La commune est entrée tardivement dans la coopération intercommunale.et elle est devenue membre, le 9 janvier 2016, de la communauté d’agglomération de Saint-Quentin-en-Yvelines (CASQY), nouvelle communauté d’agglomération, créée en application de la loi du 27 janvier 2014 de modernisation de l’action publique et d’affirmation des métropoles (MAPTAM), qui comprend 12 communes et regroupe un peu plus de 226 000 habitants.

La situation budgétaire et financière de la commune est contrastée.

Si elle présente la situation d’une commune financièrement aisée puisqu’elle fonde sa gestion, notamment, sur des bases fiscales solides et dynamiques, sa capacité d’autofinancement brute s’est dégradée depuis 2014. En matière de dette, même si la commune n’a pas souscrit de nouveaux emprunts dans les dernières années, son endettement, relativement ancien, demeure élevé et il comporte une part importante d’ emprunts dits structurés à risques.

La commune a l’objectif de restaurer sa capacité d’autofinancement, depuis 2015 notamment.

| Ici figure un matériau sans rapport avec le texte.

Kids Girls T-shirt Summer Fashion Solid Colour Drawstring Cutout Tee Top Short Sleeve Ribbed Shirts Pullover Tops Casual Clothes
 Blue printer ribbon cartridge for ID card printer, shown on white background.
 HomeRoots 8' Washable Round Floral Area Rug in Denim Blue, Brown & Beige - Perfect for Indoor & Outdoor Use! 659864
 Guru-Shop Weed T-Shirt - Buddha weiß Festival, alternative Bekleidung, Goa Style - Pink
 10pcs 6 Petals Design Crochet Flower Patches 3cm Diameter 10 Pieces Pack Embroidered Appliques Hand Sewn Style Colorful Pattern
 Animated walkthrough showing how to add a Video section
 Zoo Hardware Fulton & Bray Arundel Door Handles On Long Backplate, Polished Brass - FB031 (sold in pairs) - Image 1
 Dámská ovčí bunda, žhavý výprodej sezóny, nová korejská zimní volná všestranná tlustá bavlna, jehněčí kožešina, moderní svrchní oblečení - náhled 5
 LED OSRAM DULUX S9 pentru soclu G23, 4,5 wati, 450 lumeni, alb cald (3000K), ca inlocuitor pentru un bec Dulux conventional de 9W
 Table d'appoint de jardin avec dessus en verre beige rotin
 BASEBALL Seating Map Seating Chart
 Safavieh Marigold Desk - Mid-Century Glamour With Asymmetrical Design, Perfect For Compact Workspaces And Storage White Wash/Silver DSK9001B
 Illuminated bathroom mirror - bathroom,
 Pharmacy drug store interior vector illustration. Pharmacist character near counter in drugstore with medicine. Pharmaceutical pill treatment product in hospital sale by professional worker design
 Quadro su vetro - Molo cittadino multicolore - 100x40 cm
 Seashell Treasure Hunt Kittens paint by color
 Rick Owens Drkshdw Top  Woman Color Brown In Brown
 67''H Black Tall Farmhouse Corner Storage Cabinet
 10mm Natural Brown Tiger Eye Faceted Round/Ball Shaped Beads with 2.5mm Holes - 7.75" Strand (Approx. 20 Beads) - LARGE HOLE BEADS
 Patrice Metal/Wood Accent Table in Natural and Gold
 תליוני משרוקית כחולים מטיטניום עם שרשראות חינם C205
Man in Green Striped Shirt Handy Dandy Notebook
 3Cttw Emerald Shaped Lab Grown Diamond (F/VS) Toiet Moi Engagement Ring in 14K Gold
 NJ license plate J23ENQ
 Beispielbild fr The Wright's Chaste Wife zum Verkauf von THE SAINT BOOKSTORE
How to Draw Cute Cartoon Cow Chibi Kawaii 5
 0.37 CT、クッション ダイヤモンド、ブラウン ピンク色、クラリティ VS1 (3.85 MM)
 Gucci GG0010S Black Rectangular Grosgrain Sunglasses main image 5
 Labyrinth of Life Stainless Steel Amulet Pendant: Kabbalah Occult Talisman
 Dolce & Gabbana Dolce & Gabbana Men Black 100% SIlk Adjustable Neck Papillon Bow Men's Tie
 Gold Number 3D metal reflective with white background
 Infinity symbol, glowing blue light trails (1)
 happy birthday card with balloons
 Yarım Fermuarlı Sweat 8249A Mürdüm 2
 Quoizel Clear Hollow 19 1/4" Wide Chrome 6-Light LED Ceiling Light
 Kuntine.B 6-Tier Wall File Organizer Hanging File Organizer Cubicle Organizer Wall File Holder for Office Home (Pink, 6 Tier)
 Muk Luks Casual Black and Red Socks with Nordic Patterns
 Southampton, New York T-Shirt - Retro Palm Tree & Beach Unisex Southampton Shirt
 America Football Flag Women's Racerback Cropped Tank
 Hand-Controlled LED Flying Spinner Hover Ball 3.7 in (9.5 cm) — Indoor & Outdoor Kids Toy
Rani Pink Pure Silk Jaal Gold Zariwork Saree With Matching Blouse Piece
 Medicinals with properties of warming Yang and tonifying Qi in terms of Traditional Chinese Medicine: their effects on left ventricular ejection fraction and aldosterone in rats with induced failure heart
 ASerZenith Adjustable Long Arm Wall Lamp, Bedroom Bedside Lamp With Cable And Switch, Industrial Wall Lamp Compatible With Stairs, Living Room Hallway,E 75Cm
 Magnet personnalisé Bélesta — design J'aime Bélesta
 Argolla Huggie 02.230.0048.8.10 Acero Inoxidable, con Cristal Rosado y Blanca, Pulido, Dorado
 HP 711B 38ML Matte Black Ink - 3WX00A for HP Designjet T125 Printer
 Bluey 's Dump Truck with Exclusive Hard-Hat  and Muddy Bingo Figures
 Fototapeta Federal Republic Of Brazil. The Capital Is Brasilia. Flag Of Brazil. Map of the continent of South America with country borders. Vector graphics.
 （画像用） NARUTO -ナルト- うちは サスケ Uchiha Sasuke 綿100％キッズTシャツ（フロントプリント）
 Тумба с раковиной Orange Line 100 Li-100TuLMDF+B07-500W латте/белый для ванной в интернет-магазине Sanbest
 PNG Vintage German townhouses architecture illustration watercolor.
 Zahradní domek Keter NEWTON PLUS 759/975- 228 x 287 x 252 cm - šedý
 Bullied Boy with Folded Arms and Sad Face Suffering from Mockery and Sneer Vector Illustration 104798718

Cela implique nécessairement la réalisation d’économies, en matière de charges générales et de coûts salariaux. En ce qui concerne la gestion des ressources humaines, la commune pourra recourir aux leviers à sa disposition, qu’il s’agisse du non-remplacement de tous les agents partants, de la durée de travail annuelle, des mesures destinées à lutter contre l’absentéisme, de la formation, mesures qui pourront s’inscrire dans une politique de gestion prévisionnelle des emplois, des effectifs et des compétences (GPEEC) que la commune a engagée au titre de la période 2015‑2020.Par ailleurs, la commune bénéficiera des opérations de refinancement de la dette conduites en 2016. Celles-ci lui ont notamment permis de bénéficier d’une importante participation au coût des indemnités de refinancement des emprunts à risques du Fonds de soutien créé en 2014 pour venir en aide aux collectivités ayant souscrit ce type d’emprunts. Enfin, s’agissant de l’engagement des nouvelles dépenses d’équipement, la chambre appelle la commune à procéder à leur stricte priorisation.

En matière de commande publique, la commune a déjà mis en œuvre des mesures de rationalisation, mais tant la passation que le suivi de l’exécution des marchés peuvent encore progresser.